Last week students were broken into three clans. Each clan chose a name, selected a language, and determined a social structure. They even designed a flag. 

This week each clan selected 1 ethnographer per group, and then sent that ethnographer out to observe another clan’s culture using the Ethnographer’s Guide.

After interviewing other clans, told us what they learned about the new culture.

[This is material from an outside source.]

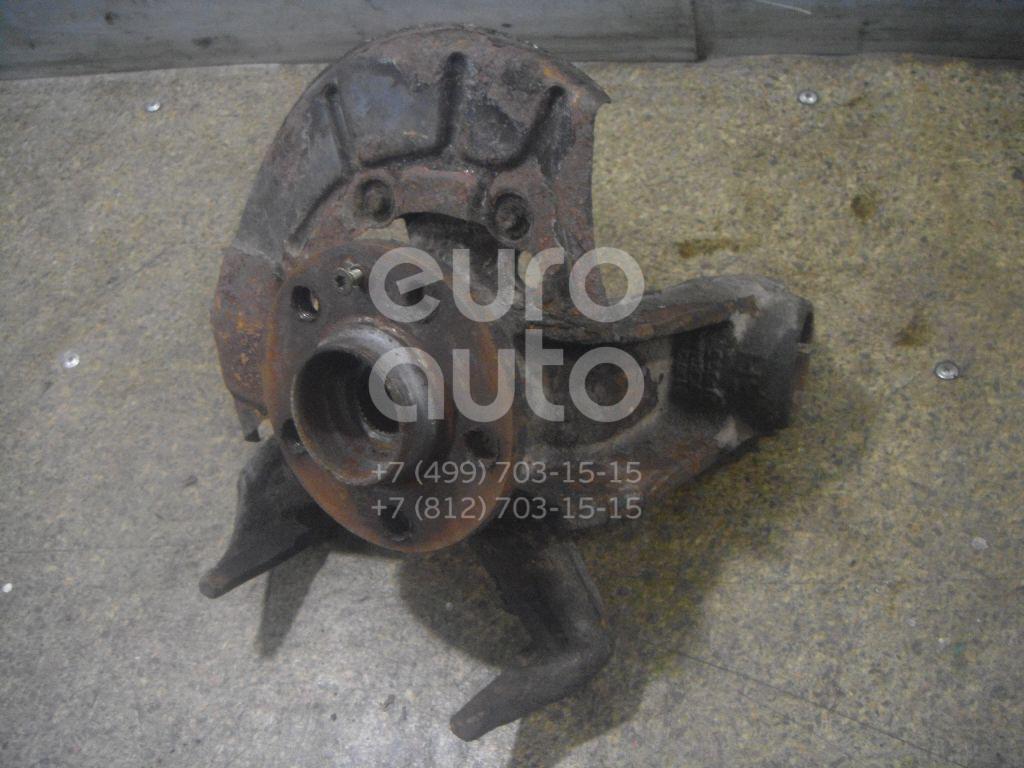 Кулак поворотный передний правый для Skoda,Audi,Seat,VW Octavia 1997-2000;A3 (8L1) 1996-2003;Octavia (A4 1U-) 2000-2011;Toledo II 1999-2006;Golf IV/Bora 1997-2005 - Фото №1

Lastly, the clan defended errors of interpretation.

Ending thoughts

I am lucky enough to have three amazing teaching assistants, who each govern a separate clan. They manage the students productivity and limit their rowdiness. (A task I can not be more grateful to not be handling alone.) They helped the clan select an ethnographer to travel to another group. Surprisingly, we had multiple students volunteer. I was giddy over the level of participation. All students were interactive as the ethnographer completed the survey. The TAs helped narrow the clan members answers, but every one seemed engaged for the length of the activity. When the ethnographers presented to the class, they were confident and demonstrated they had grasped the concept. I was very proud of these three students. (I rewarded them with lots of stickers to show my gratitude. Amazing what an 11 year old will do for a sticker!) In my opinion, this activity was a success. Although, I was unable to gauge if the students answering the questions understood ethnography as well as I could with the anthropologists.